We would like to add a number of pointers:
- The Prisoners’ dilemma: imagine 300 high-profile international Jihadists locked down together for years in an antiquated jail of a failing state… this is Roumieh in Lebanon. The prison has been a point of contention for Salafists and Jihadists for years. There has been already many warnings: last January, JAN requested the release of Roumieh Islamists in exchange for the Maaloula nuns; in June, ISIS fighters dedicated a song to their brothers in Roumieh, which they compared to Abu Ghraib. The international community should urgently approach the Lebanese authorities to help secure the prison, before the Islamic States – or JAN – decides to free the inmates in a spectacular operation.
- Western capitals should study the possibility of some kind of amnesty for repentant Jihadists. They could provide crucial information on the group’s strengths and weaknesses on the ground, help locate them in case of strikes in Syria and dissuade further Western recruits to join their ranks in a far more effective way than the official counter-terrorist narrative.

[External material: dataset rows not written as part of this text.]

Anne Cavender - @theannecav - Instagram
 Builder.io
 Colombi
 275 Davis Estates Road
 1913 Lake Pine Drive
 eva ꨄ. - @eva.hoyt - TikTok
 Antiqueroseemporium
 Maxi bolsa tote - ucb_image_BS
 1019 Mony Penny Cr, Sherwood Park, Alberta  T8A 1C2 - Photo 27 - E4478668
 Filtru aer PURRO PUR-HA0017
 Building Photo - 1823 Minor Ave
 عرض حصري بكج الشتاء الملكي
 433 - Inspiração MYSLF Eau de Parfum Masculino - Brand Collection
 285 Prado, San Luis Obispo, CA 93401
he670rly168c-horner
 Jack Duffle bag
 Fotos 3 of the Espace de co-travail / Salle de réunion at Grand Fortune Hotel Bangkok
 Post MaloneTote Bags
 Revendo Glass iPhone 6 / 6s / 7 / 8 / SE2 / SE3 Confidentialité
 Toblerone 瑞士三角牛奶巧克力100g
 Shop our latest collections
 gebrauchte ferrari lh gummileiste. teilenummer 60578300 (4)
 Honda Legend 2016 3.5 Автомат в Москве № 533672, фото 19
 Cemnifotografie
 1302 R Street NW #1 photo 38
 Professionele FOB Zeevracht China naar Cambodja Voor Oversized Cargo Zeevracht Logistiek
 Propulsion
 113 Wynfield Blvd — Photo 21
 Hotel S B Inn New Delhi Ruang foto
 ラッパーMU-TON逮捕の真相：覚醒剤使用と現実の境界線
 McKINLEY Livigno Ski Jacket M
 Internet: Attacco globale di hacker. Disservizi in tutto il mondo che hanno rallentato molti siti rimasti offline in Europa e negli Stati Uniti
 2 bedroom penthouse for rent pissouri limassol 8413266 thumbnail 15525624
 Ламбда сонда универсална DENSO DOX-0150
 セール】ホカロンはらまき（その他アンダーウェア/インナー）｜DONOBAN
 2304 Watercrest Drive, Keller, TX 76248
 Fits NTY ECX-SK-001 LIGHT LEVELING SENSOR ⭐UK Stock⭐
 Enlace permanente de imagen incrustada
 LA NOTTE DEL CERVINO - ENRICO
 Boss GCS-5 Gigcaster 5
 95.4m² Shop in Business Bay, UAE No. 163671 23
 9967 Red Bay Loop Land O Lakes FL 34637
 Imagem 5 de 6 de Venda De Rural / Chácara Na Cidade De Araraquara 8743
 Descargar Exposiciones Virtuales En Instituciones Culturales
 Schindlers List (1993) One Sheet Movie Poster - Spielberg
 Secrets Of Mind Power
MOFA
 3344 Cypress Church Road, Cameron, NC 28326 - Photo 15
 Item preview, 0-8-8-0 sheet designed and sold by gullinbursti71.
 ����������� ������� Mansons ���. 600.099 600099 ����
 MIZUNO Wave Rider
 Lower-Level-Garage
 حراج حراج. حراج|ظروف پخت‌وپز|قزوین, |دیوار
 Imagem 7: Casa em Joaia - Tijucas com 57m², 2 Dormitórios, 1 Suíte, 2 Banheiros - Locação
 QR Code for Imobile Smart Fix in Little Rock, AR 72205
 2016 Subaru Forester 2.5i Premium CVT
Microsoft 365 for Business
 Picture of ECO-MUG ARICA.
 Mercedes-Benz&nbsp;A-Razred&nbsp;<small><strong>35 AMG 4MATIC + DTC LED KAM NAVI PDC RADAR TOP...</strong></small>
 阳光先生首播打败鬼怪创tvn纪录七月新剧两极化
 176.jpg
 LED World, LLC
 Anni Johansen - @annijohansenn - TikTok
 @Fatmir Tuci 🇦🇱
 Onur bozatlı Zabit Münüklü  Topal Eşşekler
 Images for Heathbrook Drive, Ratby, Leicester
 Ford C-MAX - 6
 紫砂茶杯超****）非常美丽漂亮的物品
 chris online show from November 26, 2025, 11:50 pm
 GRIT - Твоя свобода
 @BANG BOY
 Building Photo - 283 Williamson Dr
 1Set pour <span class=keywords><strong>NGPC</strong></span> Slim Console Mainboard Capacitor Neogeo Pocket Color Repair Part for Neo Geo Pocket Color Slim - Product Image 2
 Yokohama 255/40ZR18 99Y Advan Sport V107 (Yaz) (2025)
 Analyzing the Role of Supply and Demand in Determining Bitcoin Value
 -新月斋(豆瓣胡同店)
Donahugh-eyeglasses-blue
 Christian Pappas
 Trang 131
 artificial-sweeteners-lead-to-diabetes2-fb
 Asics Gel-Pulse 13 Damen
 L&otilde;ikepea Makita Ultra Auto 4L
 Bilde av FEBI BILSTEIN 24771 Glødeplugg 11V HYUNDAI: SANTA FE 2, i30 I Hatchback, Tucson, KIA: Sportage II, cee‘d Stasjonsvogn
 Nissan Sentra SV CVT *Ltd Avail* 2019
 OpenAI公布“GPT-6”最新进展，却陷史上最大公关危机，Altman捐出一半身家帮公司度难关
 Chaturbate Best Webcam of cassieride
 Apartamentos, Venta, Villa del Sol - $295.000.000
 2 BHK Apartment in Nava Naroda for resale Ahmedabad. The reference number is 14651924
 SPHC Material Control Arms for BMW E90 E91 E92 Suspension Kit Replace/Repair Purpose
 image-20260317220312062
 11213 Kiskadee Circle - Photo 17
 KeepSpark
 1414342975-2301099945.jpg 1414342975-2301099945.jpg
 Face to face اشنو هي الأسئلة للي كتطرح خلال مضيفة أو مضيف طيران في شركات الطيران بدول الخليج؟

 Arsal is a predominantly Sunni town of 35 000 inhabitants in the Bekaa valley (mainly Shiite), near the border with Syria. The town, who supports the Syrian uprising against Bachar al Assad, hosts more than 150 000 Syrian refugees and has been raided on many occasions by Syrian warplanes.
 The head of ISIS belongs to al-Weiss clan, as does one of the Muslim Scholars Committee member, Amar al-Weiss.
 Although ISIS is becoming more and more Syrian, see the special report of Romain Caillet, NGC consultant, on The Governorate of Homs: is this the Islamic State’s new fiefdom?
 Members of the extremist group Fatah el Islam are kept in Roumieh since 2007 without trial.
 There are disturbing reports on Islamist inmates in Roumieh able to communicate with militant groups via their digital phones. This situation is somehow reminiscent of the early days of Cell Block Three in the Afghan Pul-e-Charki prison. Over the years, Taliban and Al-Qaeda inmates had taken over the Cell and set up “a fully operational terror cell safe from aerial drones” (The New Digital Age, p.159).